According to the Swift documentation, Swift is

"a new programming language for iOS and OS X apps that builds on the best of C and Objective-C, without the constraints of C compatibility."

For those familiar with Ruby, Python or Lisp, transitioning to writing software for Apple devices has suddenly become much more familiar. Many of the arcane parts of the Objective-C language that befuddled new developers are gone; replaced with modern features borrowed from popular languages.

Apple CEO Tim Cook said

"Swift is fast. It is modern. It is designed for safety and it enables a level of interactively and development you've never seen before on the platform… "

With a concept called "playground", Apple has made an interactive scratch pad feature to let developers test and tweak code snippets interactively. This will greatly reduce the amount of time consumed by the build-compile-run cycle. A developer can make some code changes and immediately test their impacts. Additionally, Swift allows a user to use Apple's Interface Builder tool with Swift to make design tweaks in real time.

These claims can be both exciting and worrisome, and while Apple has already provided many Swift language resources, there are broader questions to consider.

How long until Apple requires Swift?

Apple has apparently been working for years laying the foundation to support the new language. In fact, this new language shares many similarities to a language, Dylan that Apple helped create in the early '90s.

The first developer releases of the iOS 8 and Mac OS X Yosemite APIs are already moving towards Swift syntax. This gives us insight into Apple's trajectory. While there has been no official timeline announcement from Apple, I think it's fair to assume that Apple will eventually migrate their API's to Swift only and will deprecate Objective-C. It makes sense to begin thinking now about that eventuality.

Can Swift and Objective-C/C/C++ live happily together in the same project?

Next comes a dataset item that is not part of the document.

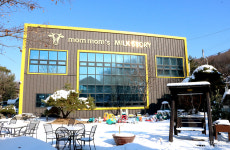 [2023 새해특집/토끼띠 만나다] 유가공 전문가 변신…경영난 목장 구원투수로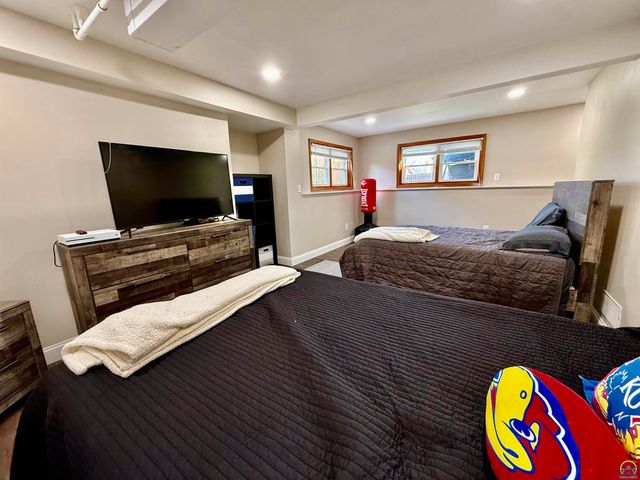 3905 W 8th St, Lawrence, KS 66049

In short, yes, both Swift and Objective-C source files can exist in the same project (using a method called "Mix and Match"). Also, compiled Swift object code is already compatible with iOS 7 and Apple has promised compatibility with compiled code as the language evolves. While it is possible for Swift and Objective-C to share a project, there are implications to consider. For example, Objective-C cannot access many of the Swift language features like generics, tuples, structures, nested types, etc. Also, when adding an Objective-C source file to a Swift project a "bridging header" file must be added to your project.

All of this means that careful planning and due diligence is required when considering how to transition Objective-C and Swift projects. In other words, there's more involved than simply learning the Swift language.

Should we adopt Swift sooner or later?

Apple has made their intentions clear - Swift is the language for iOS and Cocoa development. With iOS 8 and Mac OS X Yosemite, developers will be able submit apps using Swift to the App Store and Mac App Store in the Fall. This has implications for every business that produces Apple apps. Business managers and developers should consider now how to best make that transition.

Do you and your team have the necessary resources available (e.g. time, budget, etc.) to commit to learning, prototyping, and testing Swift source in your project? Is there someone on your team or in your company that can learn and serve as a Swift expert? Do you have a requirement to support iOS 6 or Mac OS X Lion (which will not run Swift apps)?

One way a team can experiment with minimal impact is writing test cases. The new XCTest classes have Swift equivalents. So, a team can write small chunks of code to add unit tests to an application while they learn how the language interacts with their code.

For some businesses Swift offers new features that provide very compelling reasons to be an early adopter. Are there specific features of Swift that will benefit your products? According to Apple's WWDC announcement, Swift provides a host of new features including fast and concise iteration over a range or collection, structs that support methods, extensions and protocols, and more. Developers should decide if and when it makes sense to move towards implementation of features like these.

Also, are there third-party source files in your project that will need to be updated? If so then you will also want to think about how to commit resources to research and transition those at some point.

Moving Forward

Let's be honest - this can be a little overwhelming, and yet the prospects of moving to a simpler more powerful language are very exciting.

Steve Jobs once said

"The over-all point is that new technology will not necessarily replace old technology, but it will date it. By definition. Eventually, it will replace it. But it's like people who had black-and-white TVs when color came out. They eventually decided whether or not the new technology was worth the investment."

Obviously each business and developer will have to think through how and when transitioning to Swift will move their projects forward.